--- START ---
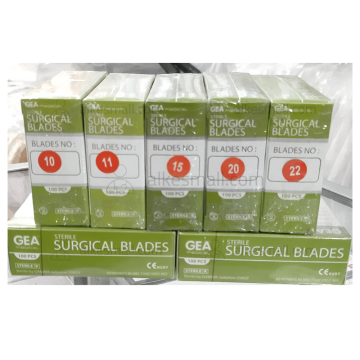 Blade Surgical Gea Medical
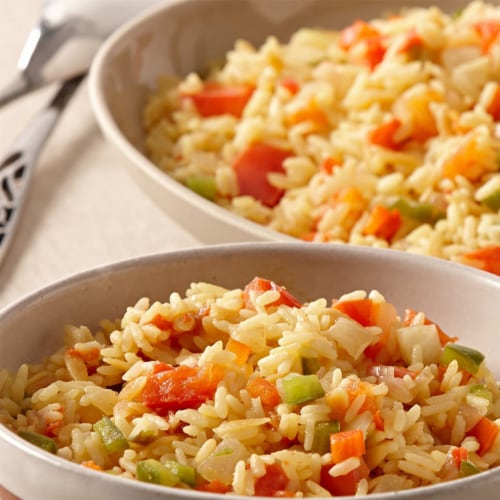 Zatarain's® Rice Pilaf Meal Perspective: left
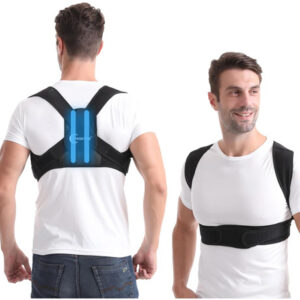 Corrector De Postura Ajustable Para Espalda Dolorida S/m Adu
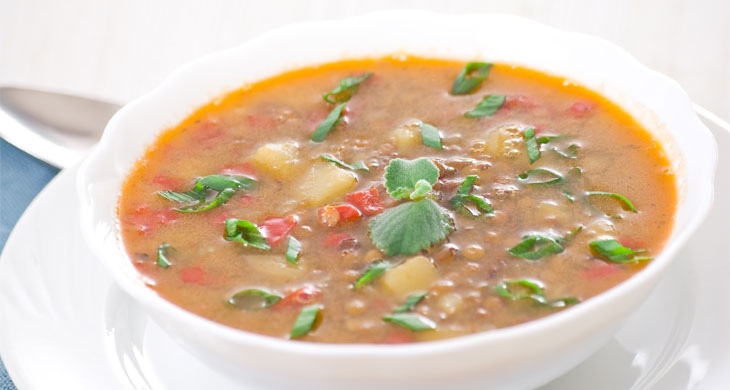 Lentil Soup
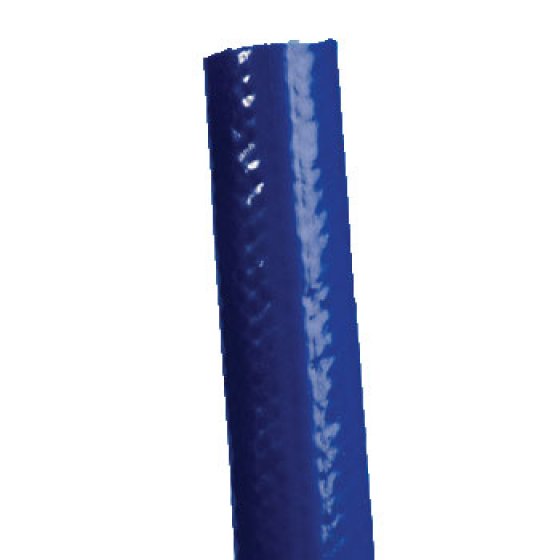 Flexible Water Hose Tubing Blue Reinforced 13mm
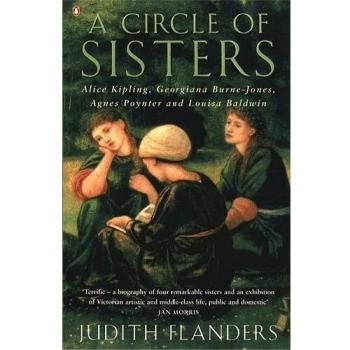 Círculo de Hermanas: Alice Kipling, Georgiana Burne-Jones, Agnes Poynter y Louisa Baldwin - Libro de Judith Flanders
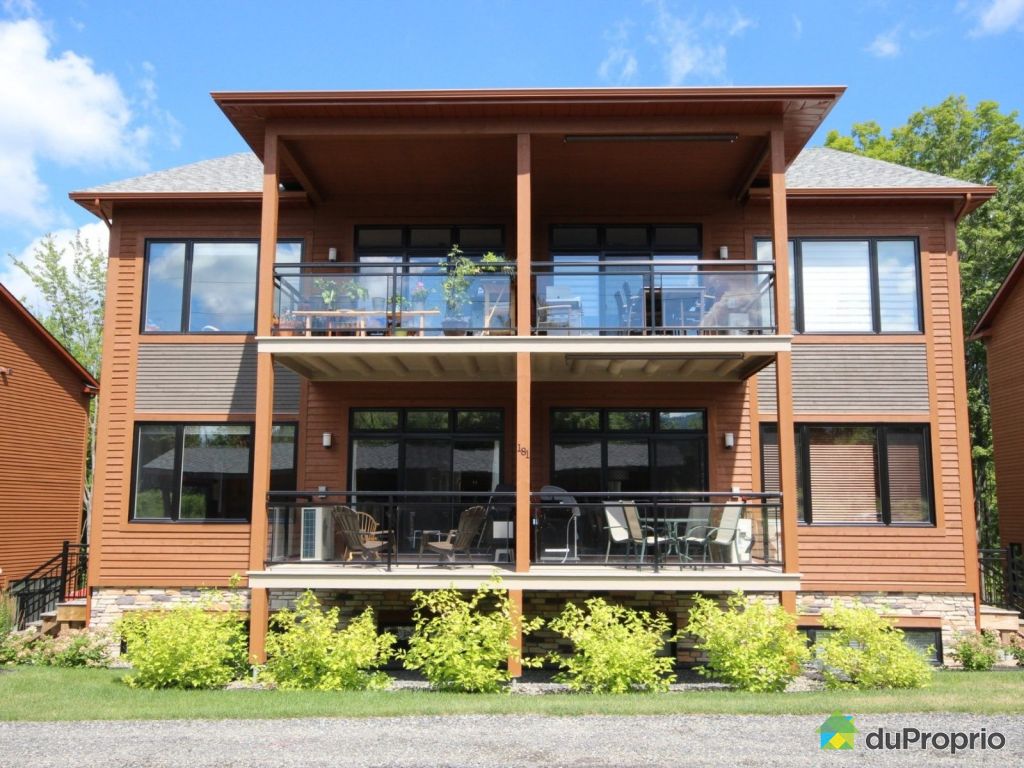 Condo à vendre Bromont, 301181 rue de l'HôteldeVille, immobilier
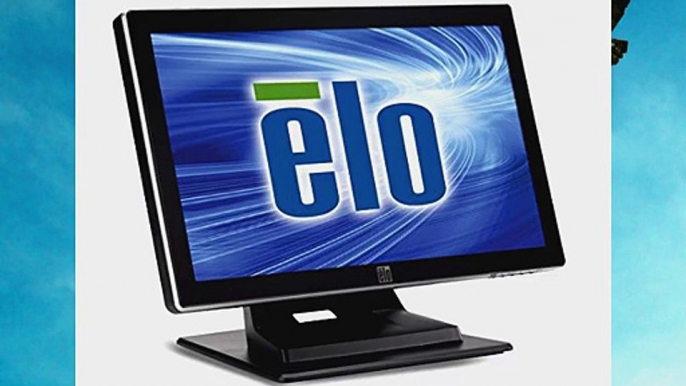 ELO Touch 1919L 19-inch Desktop Touchmonitor E783686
--- END ---
* PROBLEM REQUIREMENTS
Beginning with the line where "Zatarain's® Rice Pilaf" appears, restate word for word every line down to the last one in the data, but keep the pictures out.

* RESPONSE TO THE TASK
 Zatarain's® Rice Pilaf Meal Perspective: left
 Corrector De Postura Ajustable Para Espalda Dolorida S/m Adu
 Lentil Soup
 Flexible Water Hose Tubing Blue Reinforced 13mm
 Círculo de Hermanas: Alice Kipling, Georgiana Burne-Jones, Agnes Poynter y Louisa Baldwin - Libro de Judith Flanders
 Condo à vendre Bromont, 301181 rue de l'HôteldeVille, immobilier
 ELO Touch 1919L 19-inch Desktop Touchmonitor E783686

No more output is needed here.